Para piorar o que era mau, a falta de credibilidade reina já, também, nas hostes que deviam apoiar o Governo. O Partido Popular só aguenta a coligação porque o ónus maior acabará sempre por não recair sobre si. Isto é, é o que perde menos. E se Durão Barroso conseguiu sempre manter o líder do PP na sua real dimensão, nunca deixando transparecer ser por ele dominado - e, provavelmente, não era - Santana Lopes, pelo contrário, conseguiu o facto incrível de concentrar sobre si todo o ónus da má imagem. Na qual a incredibilidade é acentuada pela repetida referência ao Governo de Santana/Portas. Isto é, o Governo surge na praça pública como tendo dois líderes. O que, naturalmente, conduz a que se tenha daquele que devia ser único uma imagem de confrangedora fraqueza. No PSD, todos aqueles que, ou nunca gostaram de Santana Lopes ou sempre odiaram Portas pelo que fez ao último Governo do Professor Cavaco Silva, encolhem os ombros e deixam correr o marfim, não se mostrando dispostos a terçar armas por alguém de quem não gostam.
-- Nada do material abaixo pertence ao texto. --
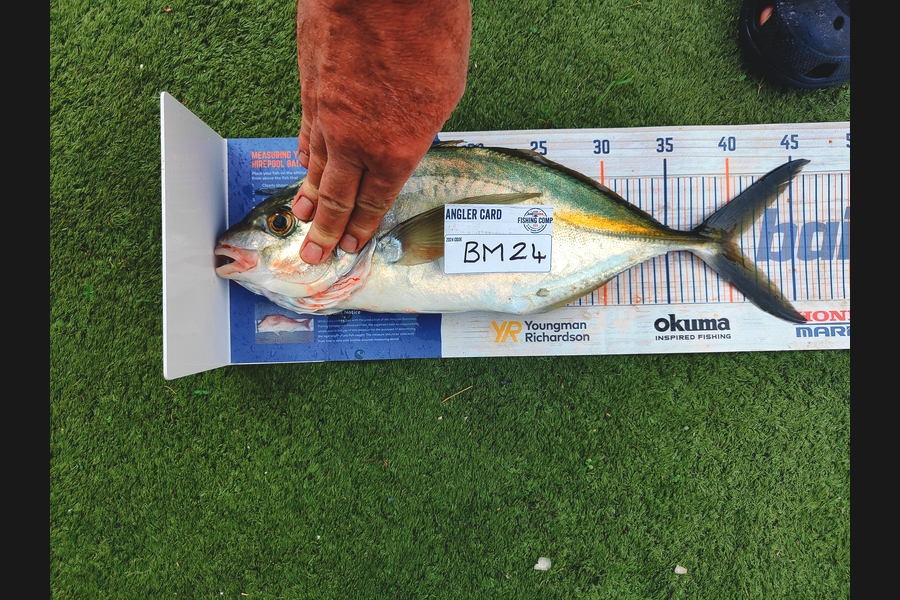 Adri Klopper caught this 40.5cm Trevally at Northland during The Hirepool Baitmates Fishing Comp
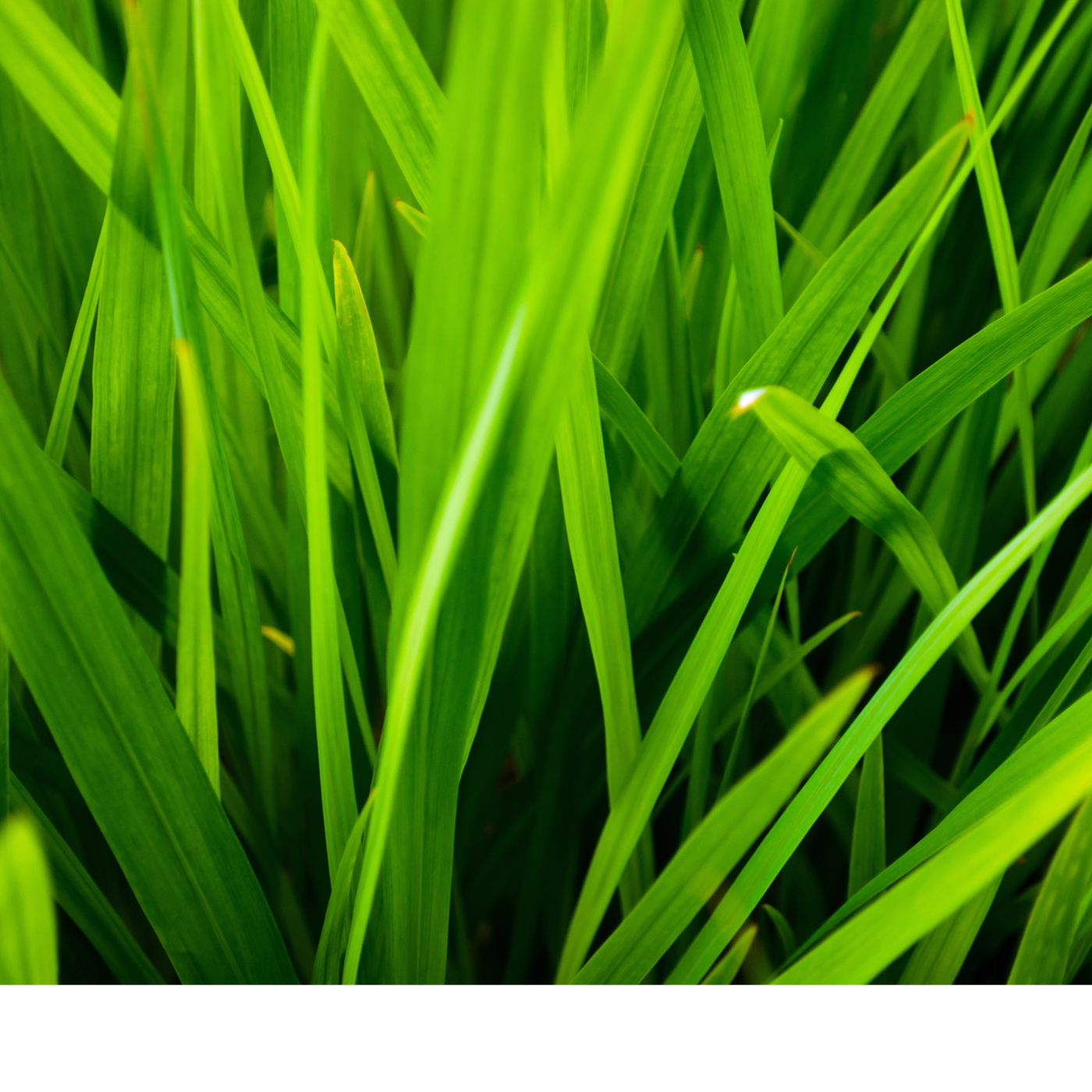 ADDBIBLE® Daniel 4 - King Nebuchadnezzar Eats Grass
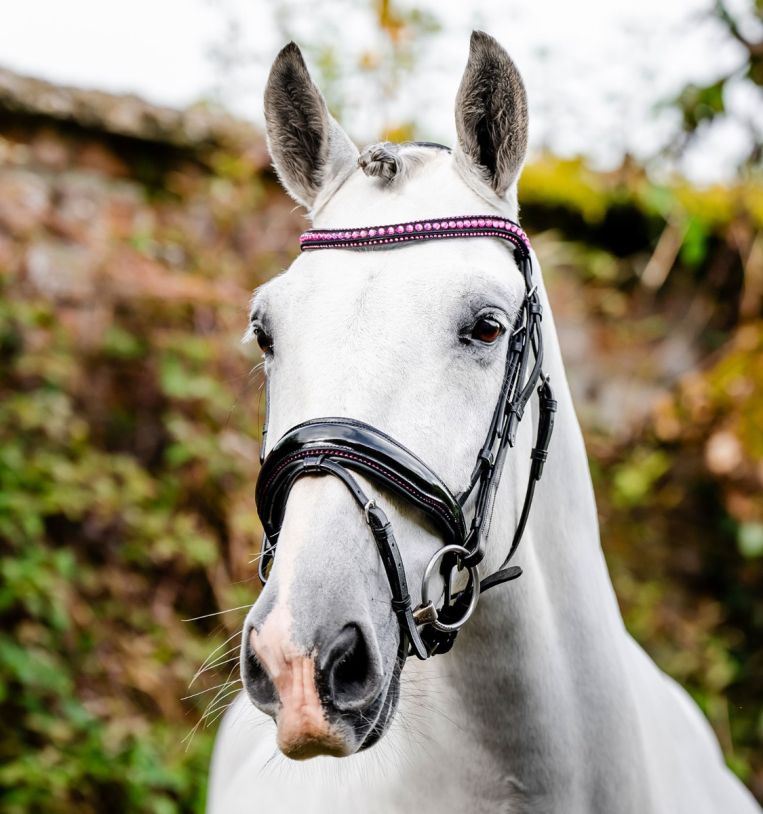 Horseware Diamante Bridle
A cereja no topo deste bolo bastante amargo para Santana Lopes - e para a direita em geral - foi colocada, em minha opinião, precisamente por Cavaco Silva. Os Portugueses podem não o ter eleito Presidente da República à primeira. Mas não se esquecem de que foi com ele que, em dez anos, Portugal abandonou a cauda da Europa, em termos de desenvolvimento económico e social. Um lugar a que, inexoravelmente, está a retornar, por empobrecimento imparável. E o convite que o Professor fez, para que os políticos competentes do nosso país voltassem à liça e tomassem os destinos do País nas mãos, é mortal para o Governo. É mortal porque é extraordinariamente simples e compreensível. É mortal porque corresponde a um anseio que se sente a vegetar entre a população. É mortal porque provém de uma voz autorizada. E é mortal porque surge no momento em que ainda é possível impedir este Governo de chegar ao fim da legislatura. Para que a interrupção se dê, para que o Senhor Presidente da República possa tomar a decisão de dissolução da Assembleia da República, apenas falta um de dois fenómenos. Ou que o próprio Primeiro-Ministro renuncie. O que, em princípio, seria improvável. Ou que haja nas ruas agitação suficiente. O que Mário Soares bem compreendeu, ao lançar o incrível grito de "vamos todos para a rua" (figurado).

Neste quadro, o Governo não tem qualquer hipótese de levar a bom termo o mandato. Faça o que fizer, não parece que possa já recuperar uma imagem de credibilidade. As sucessivas demissões ou remodelações apenas contribuem para reduzir, cada vez mais, o espaço de manobra do Primeiro-Ministro, já de si inexistente. Assim, o mais natural é que venhamos a ter, em 2005, eleições legislativas. Com todos os atrasos consequentes. Com a estagnação das políticas tão necessárias. Das reformas imperiosas. Do País.

Isto é, não é apenas o Governo que vai de mal a pior. O País também vai.